> _What is being asked_:
Please give again exactly the lines from the top of the material through the line with "H&m geometric dress best sale"; omit each picture.

> _Listed records_:
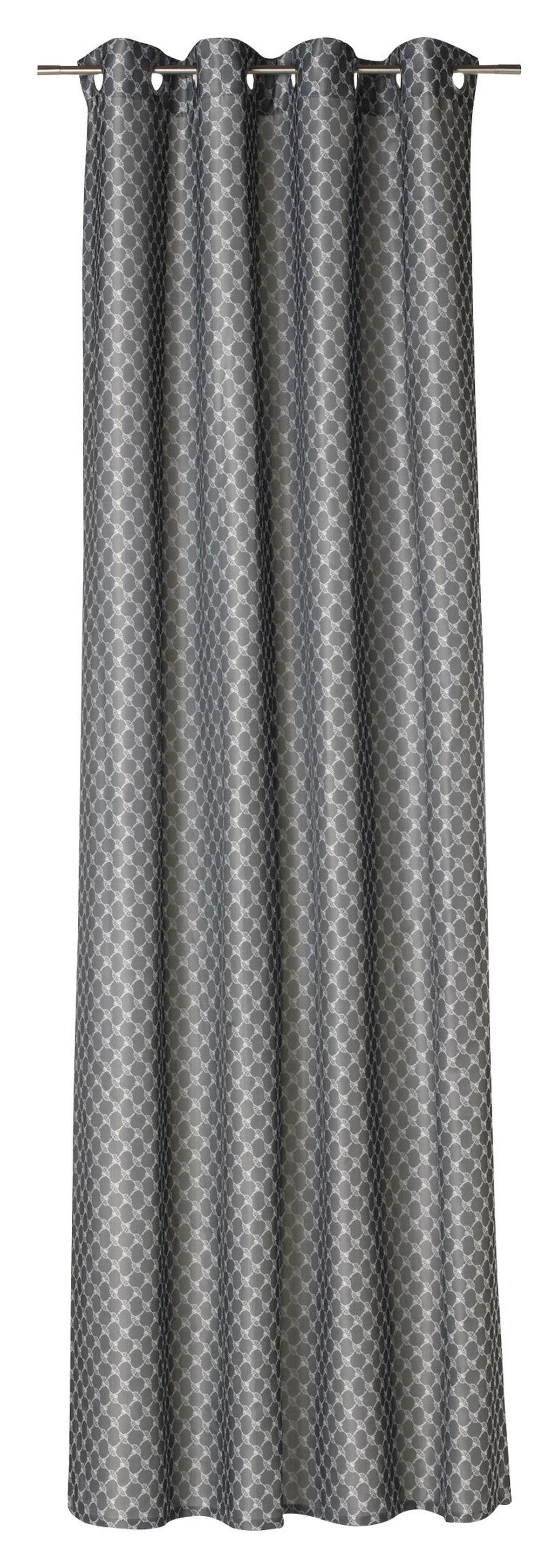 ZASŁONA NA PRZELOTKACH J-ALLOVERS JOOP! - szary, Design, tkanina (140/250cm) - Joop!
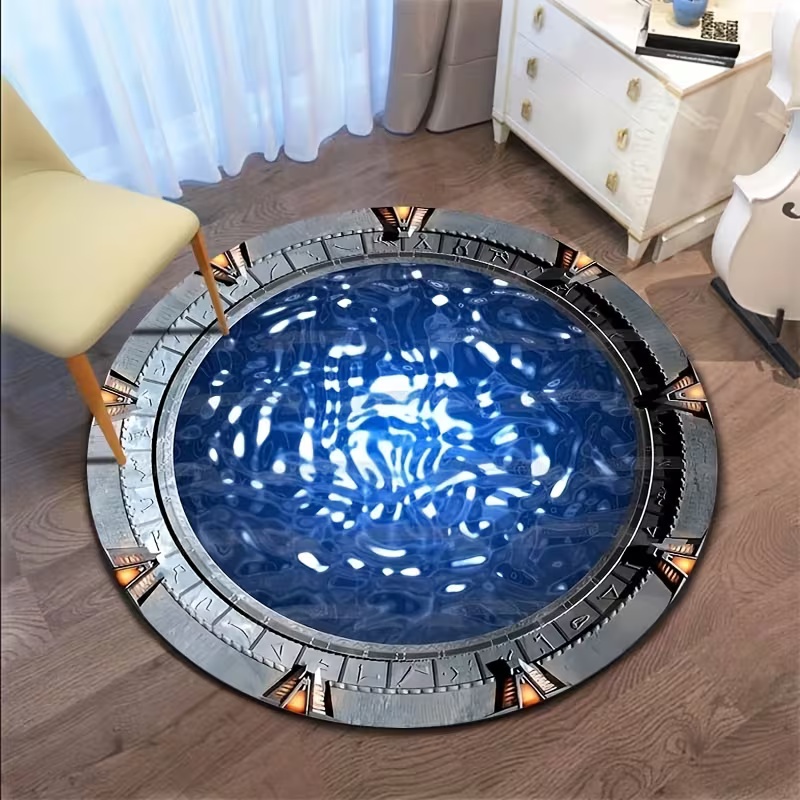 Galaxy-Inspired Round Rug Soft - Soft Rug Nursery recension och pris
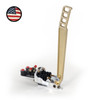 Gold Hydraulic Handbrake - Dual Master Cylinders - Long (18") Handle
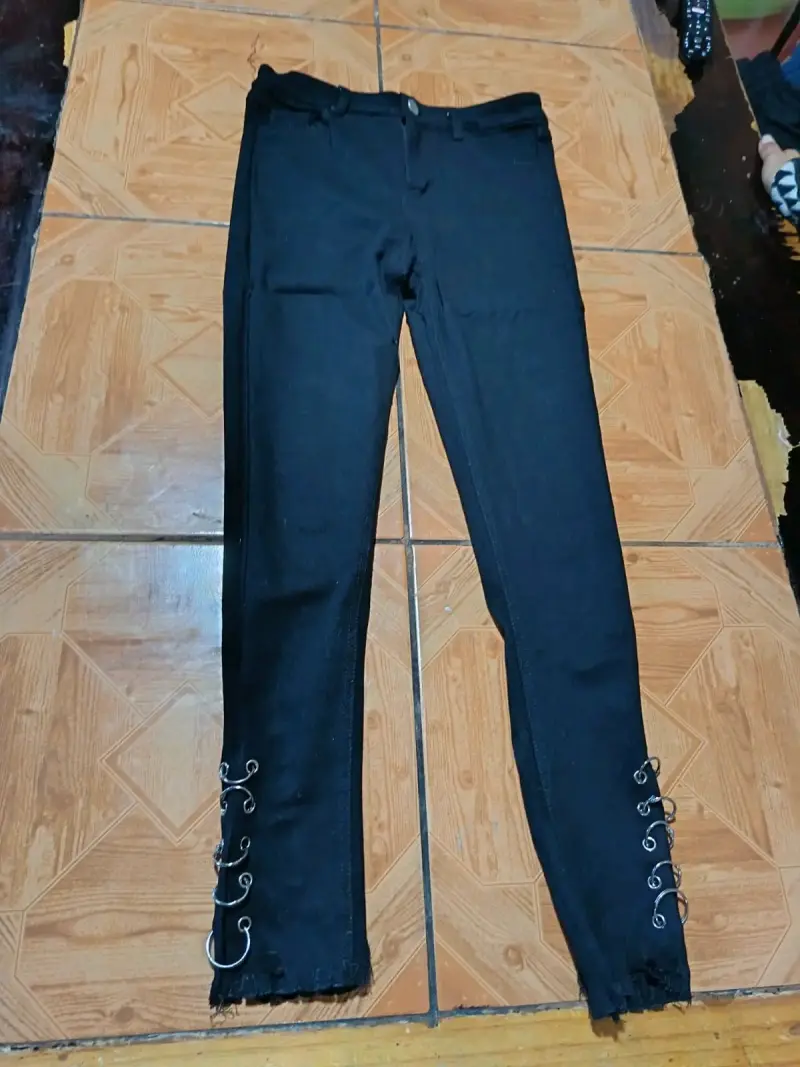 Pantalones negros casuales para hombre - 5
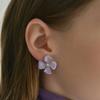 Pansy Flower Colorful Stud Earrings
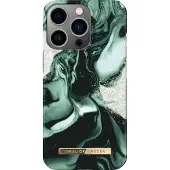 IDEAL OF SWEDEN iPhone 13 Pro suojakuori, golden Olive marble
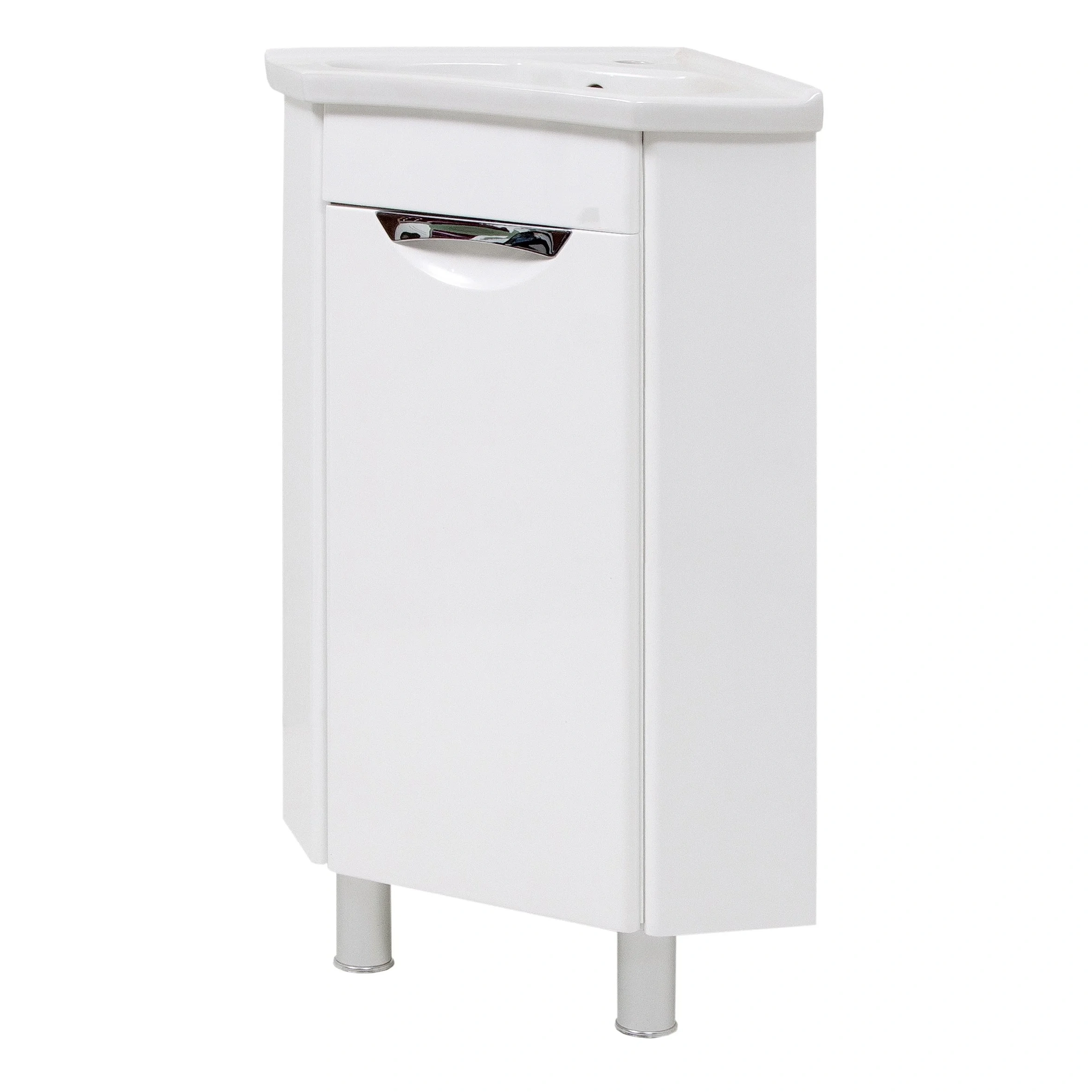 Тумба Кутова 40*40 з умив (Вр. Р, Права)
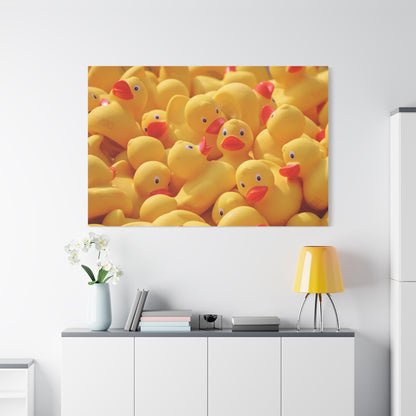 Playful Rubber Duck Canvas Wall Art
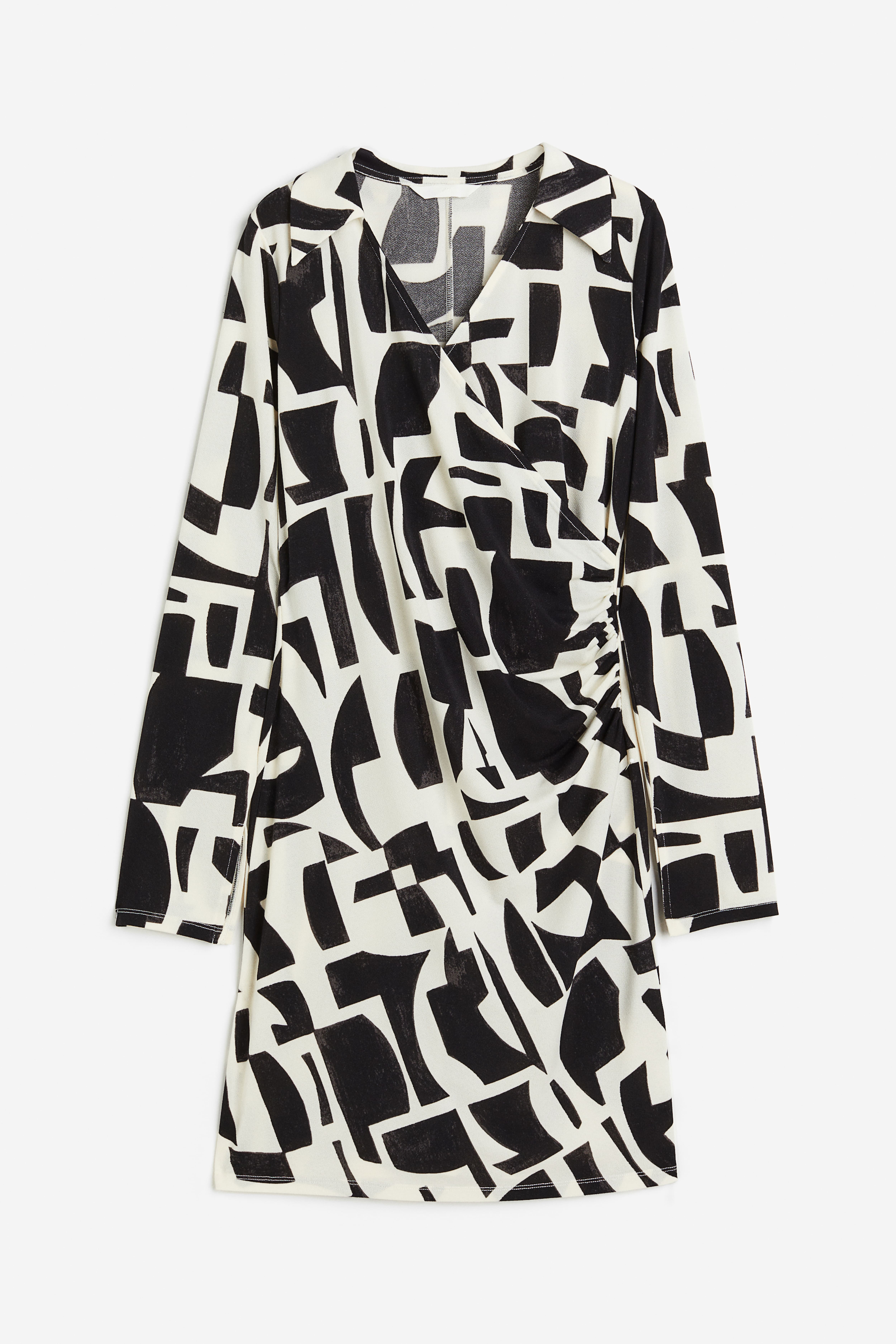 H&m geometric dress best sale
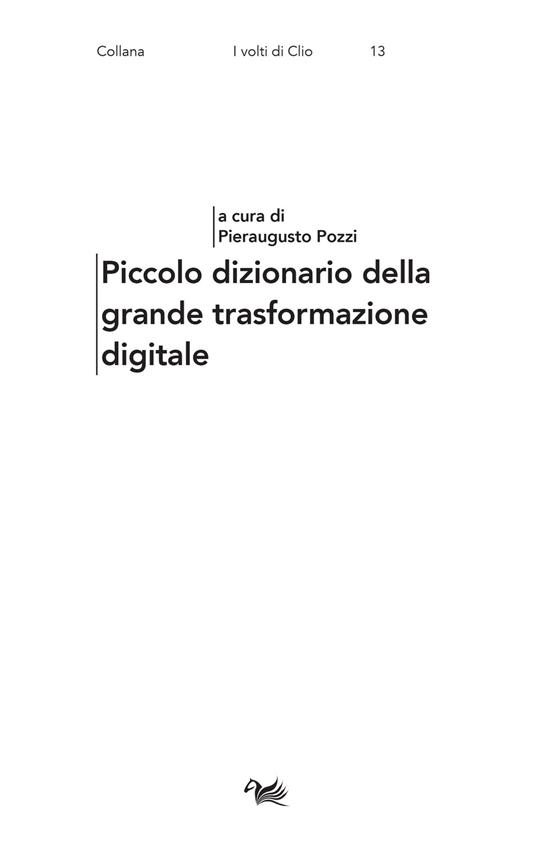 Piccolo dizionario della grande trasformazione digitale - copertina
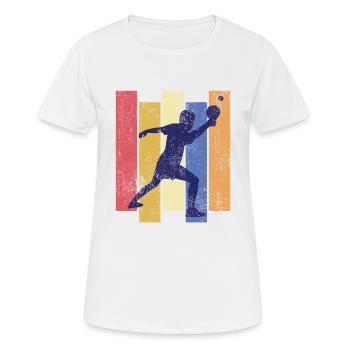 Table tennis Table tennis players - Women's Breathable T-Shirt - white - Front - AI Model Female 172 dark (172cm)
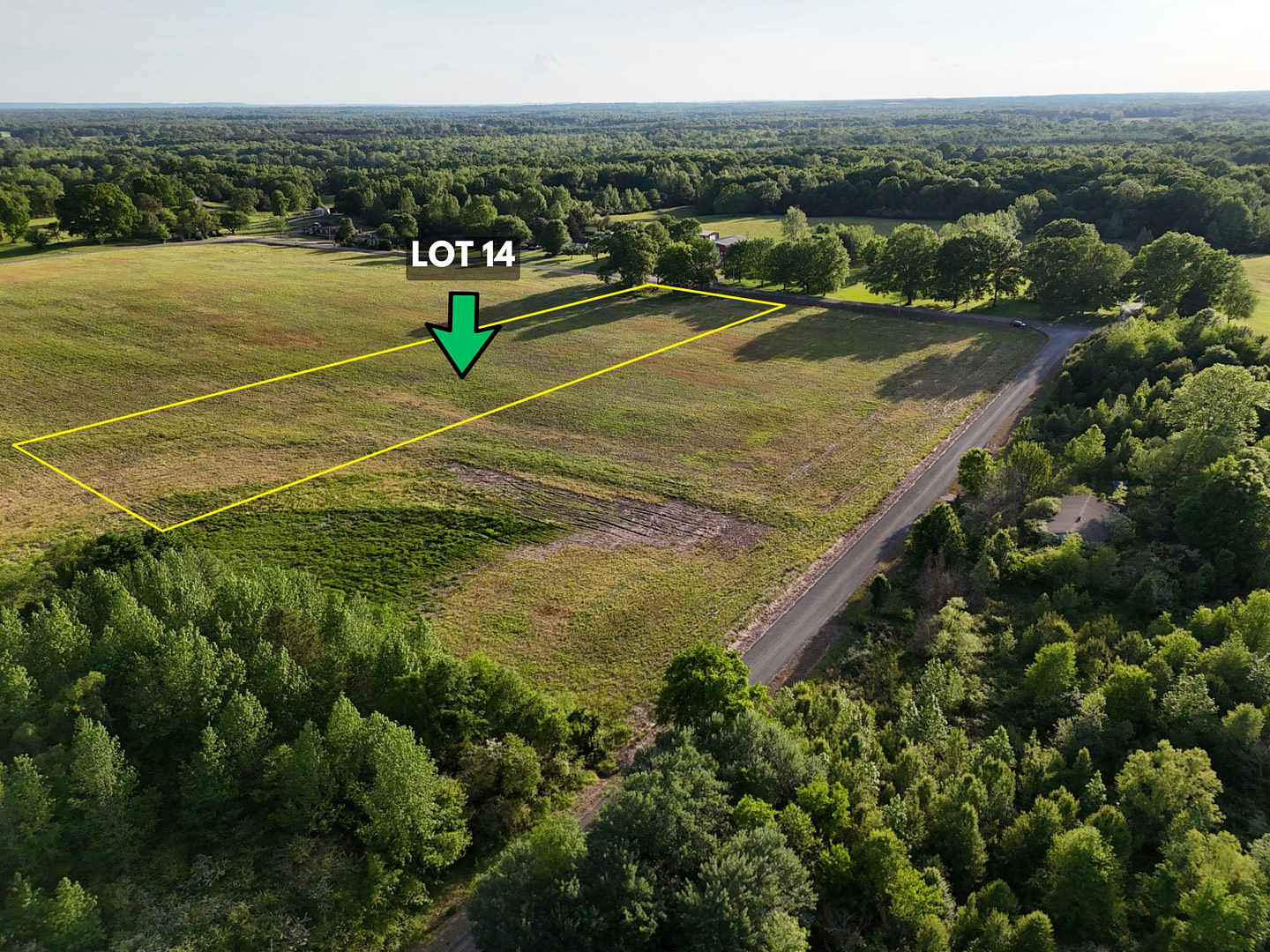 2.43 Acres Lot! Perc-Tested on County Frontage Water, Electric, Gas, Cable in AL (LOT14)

> _Response to the exercise_:
 ZASŁONA NA PRZELOTKACH J-ALLOVERS JOOP! - szary, Design, tkanina (140/250cm) - Joop!
 Galaxy-Inspired Round Rug Soft - Soft Rug Nursery recension och pris
 Gold Hydraulic Handbrake - Dual Master Cylinders - Long (18") Handle
 Pantalones negros casuales para hombre - 5
 Pansy Flower Colorful Stud Earrings
 IDEAL OF SWEDEN iPhone 13 Pro suojakuori, golden Olive marble
 Тумба Кутова 40*40 з умив (Вр. Р, Права)
 Playful Rubber Duck Canvas Wall Art
 H&m geometric dress best sale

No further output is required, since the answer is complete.